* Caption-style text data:

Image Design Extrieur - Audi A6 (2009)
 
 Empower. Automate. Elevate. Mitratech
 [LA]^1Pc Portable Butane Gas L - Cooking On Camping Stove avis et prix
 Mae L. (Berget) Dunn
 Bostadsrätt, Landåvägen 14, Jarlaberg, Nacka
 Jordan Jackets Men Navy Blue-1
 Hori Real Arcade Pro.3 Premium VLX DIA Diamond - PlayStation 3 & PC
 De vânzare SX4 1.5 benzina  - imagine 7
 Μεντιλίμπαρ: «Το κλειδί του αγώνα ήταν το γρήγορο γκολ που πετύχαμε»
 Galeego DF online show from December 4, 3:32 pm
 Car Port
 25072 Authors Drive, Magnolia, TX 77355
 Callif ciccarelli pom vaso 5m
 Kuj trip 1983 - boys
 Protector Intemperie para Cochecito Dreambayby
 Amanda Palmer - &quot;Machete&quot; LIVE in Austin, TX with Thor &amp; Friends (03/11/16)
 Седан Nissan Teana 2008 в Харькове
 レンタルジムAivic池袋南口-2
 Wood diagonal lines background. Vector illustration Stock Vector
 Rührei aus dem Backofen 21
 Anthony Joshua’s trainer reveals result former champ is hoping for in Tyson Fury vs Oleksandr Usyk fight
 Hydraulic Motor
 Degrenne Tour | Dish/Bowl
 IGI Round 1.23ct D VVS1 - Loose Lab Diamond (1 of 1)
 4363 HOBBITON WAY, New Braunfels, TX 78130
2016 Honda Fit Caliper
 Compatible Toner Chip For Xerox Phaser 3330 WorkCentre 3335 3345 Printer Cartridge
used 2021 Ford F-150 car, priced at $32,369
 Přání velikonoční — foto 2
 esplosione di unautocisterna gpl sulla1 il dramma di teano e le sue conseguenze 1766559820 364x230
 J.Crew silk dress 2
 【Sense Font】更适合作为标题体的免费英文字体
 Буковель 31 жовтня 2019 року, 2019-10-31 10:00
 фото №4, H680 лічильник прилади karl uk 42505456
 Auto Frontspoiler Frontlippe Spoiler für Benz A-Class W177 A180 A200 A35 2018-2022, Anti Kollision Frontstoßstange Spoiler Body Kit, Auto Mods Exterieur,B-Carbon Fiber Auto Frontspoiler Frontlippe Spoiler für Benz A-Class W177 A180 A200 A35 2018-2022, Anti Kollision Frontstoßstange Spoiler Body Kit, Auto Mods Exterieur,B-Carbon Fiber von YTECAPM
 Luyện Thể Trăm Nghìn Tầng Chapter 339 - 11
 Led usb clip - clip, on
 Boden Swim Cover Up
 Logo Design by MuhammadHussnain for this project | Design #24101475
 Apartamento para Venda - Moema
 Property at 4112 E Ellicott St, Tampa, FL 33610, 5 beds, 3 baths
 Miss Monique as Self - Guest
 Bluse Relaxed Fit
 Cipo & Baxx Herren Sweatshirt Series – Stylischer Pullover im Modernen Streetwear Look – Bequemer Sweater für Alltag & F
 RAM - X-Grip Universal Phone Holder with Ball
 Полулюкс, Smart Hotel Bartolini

* PROBLEM TO SOLVE:
What is wanted is every line from the first line of the entries through the line that contains "De vânzare SX4", given again exactly.

* COMPLETED EXERCISE:
Image Design Extrieur - Audi A6 (2009)
 
 Empower. Automate. Elevate. Mitratech
 [LA]^1Pc Portable Butane Gas L - Cooking On Camping Stove avis et prix
 Mae L. (Berget) Dunn
 Bostadsrätt, Landåvägen 14, Jarlaberg, Nacka
 Jordan Jackets Men Navy Blue-1
 Hori Real Arcade Pro.3 Premium VLX DIA Diamond - PlayStation 3 & PC
 De vânzare SX4 1.5 benzina  - imagine 7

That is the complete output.